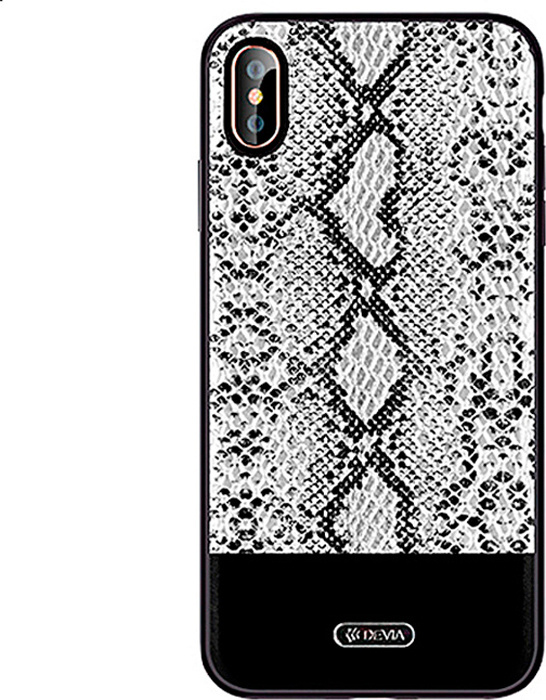 Чехол Devia Python Series для iPhone XS MAX - Black #1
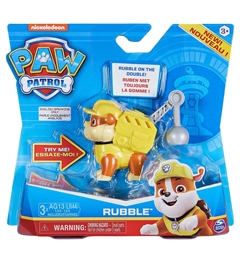 Paw Patrol - Rubble lille figur med lyd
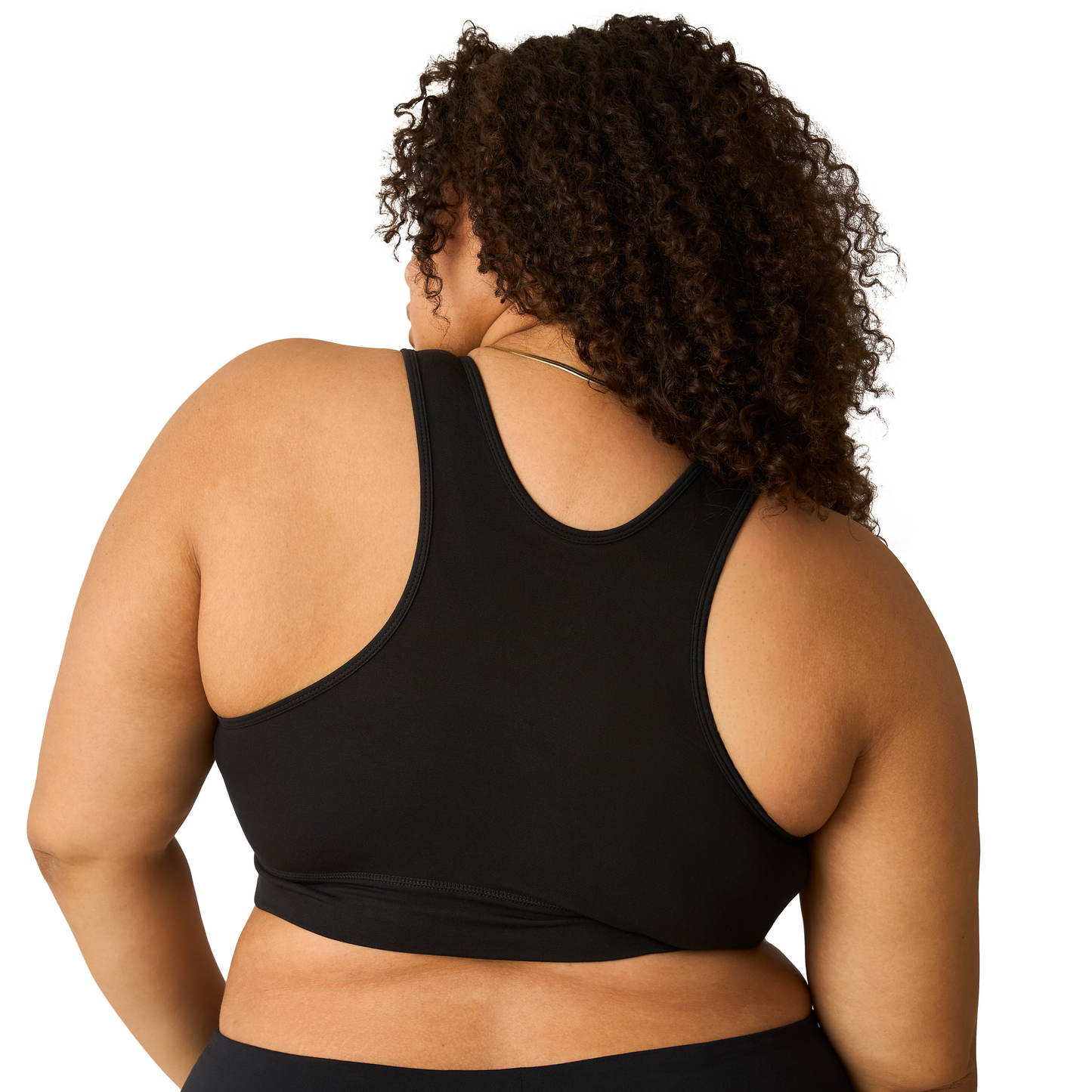French Terry Racerback Nursing & Maternity Sleep Bra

_ _ _ _ _ _ _

### Exercise objective
An exact copy of the listing is needed, minus its pictures.

### Exercise solution
 Чехол Devia Python Series для iPhone XS MAX - Black #1
 Paw Patrol - Rubble lille figur med lyd
French Terry Racerback Nursing & Maternity Sleep Bra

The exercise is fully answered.